Miami Police Officer Sentenced After FBI Probe

April 23, 2013
Former Miami Police Officer Harold James was sentenced to a year and three months in prison.

An eight-year Miami police veteran who pleaded guilty in February to two extortion charges for protecting a Liberty City check-cashing business was sentenced in federal court Tuesday.

Harold James, 29, was sentenced to a year and three months in prison by U.S. District Judge Robert Scola, according to a plea agreement with the U.S. attorney's office. He is scheduled to surrender at the end of June.

James, who had resigned in November, was targeted by a fellow police officer who flipped for the feds after Miami-Dade police raided a sports gambling ring in Liberty City last year.

Thus marked the beginning of an FBI probe that would expose internal corruption and rattle the Miami Police Department.

Officer Nathaniel Dauphin, at the direction of FBI agents, called and met with James last April and paid him $100 for providing "protection coverage" at the betting operation, according to court documents and sources familiar with the case. Then, while secretly recording their meeting, Dauphin enticed James to provide protection for another business that was purportedly cashing fraudulent tax refund checks.

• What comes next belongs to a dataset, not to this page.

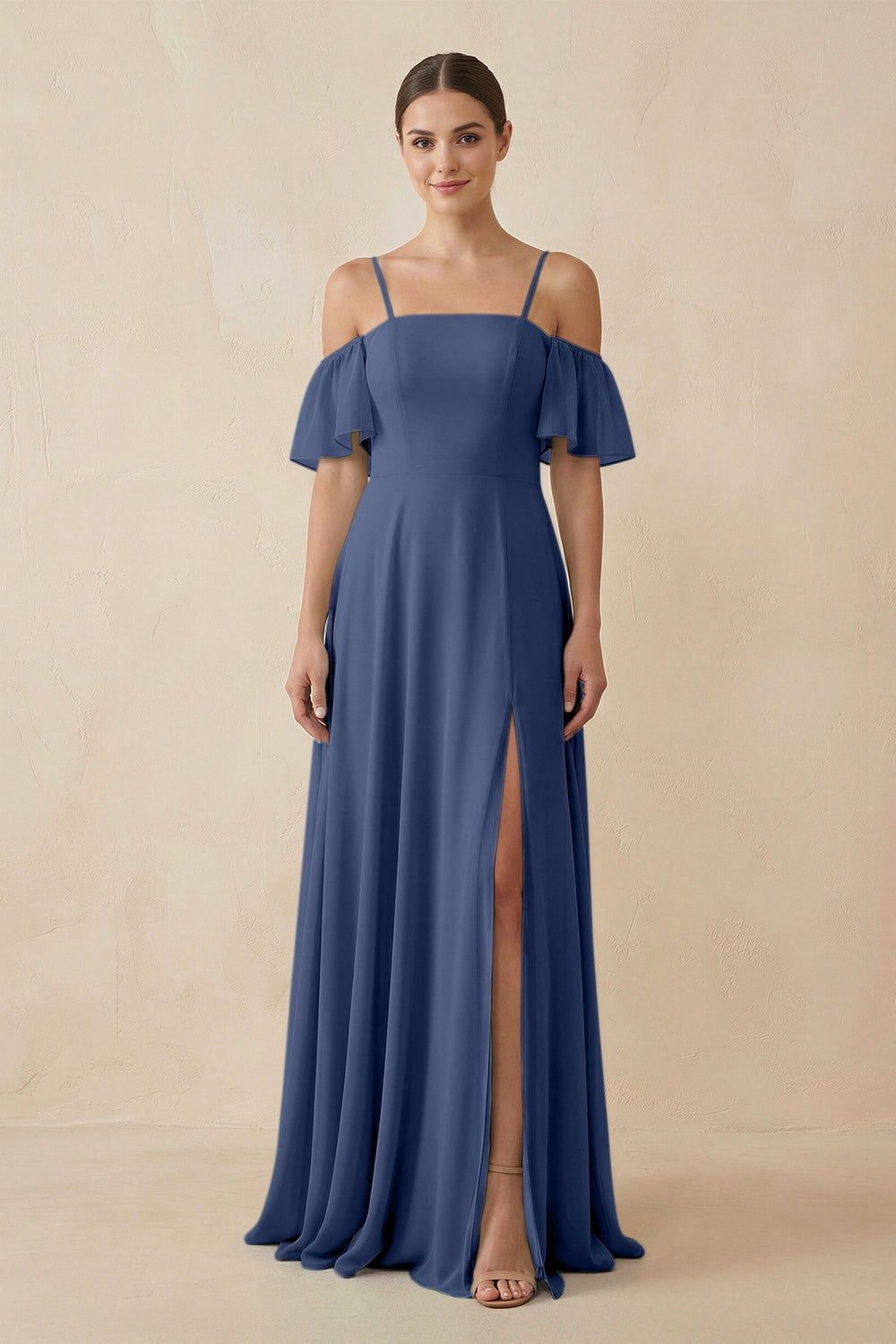 Off - the - Shoulder A - Line Chiffon Bridesmaid Dress in Navy - SHE IS ME Bridesmaid Dresses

The "cat is doing something shady ... trying to keep from getting hit," Dauphin told James, referring to the check-cashing proprietor. Dauphin told James he would be paid "cash under the table."

James' response: "Sounds good to me."

James, while under surveillance by the FBI and Miami police internal affairs detectives, provided protection for the Liberty City check-cashing store -- in reality, part of an undercover "sting" -- five times in April and May 2012, according to a statement filed with his plea agreement in federal court.

He was paid $800 by Dauphin, who had told him the detail was to protect a courier worried about getting robbed and for "warning" about "police activity" around the check-cashing store at Northwest 79th Street and Seventh Avenue.

Although Dauphin was not identified by name in James' plea statement, multiple sources familiar with the investigation said it referred to Dauphin, who they said began cooperating with the FBI's corruption task force soon after the sports gambling operation was shut down in March of last year. The court document refers only to a "cooperating defendant."

Dauphin, 41, who allegedly helped organize the protection racket for the Liberty City sports-betting operation, pleaded guilty in February to a single charge of extortion conspiracy. It alleged he "protected and facilitated illegal activity -- gambling -- in exchange for receipts of cash payments" between November 2010 and March 2012.

Dauphin, a police officer since 1996, was paid $5,000, according to the charge. He is scheduled for sentencing next Monday.

James and Dauphin are among 11 Miami police officers facing federal criminal charges or internal discipline related to the gambling protection scheme and other criminal activities, The Miami Herald has learned. Among the other criminal offenses: stealing names from a state driver's license database for tax-refund fraud schemes.

The officers under scrutiny have already resigned or been relieved of duty. The targeted officers, who worked in the Model City substation, are primarily accused of providing off-the-books protection to the sports gambling ring, which operated out of the Player's Choice Barber Shop, 6301 NW Sixth Ave.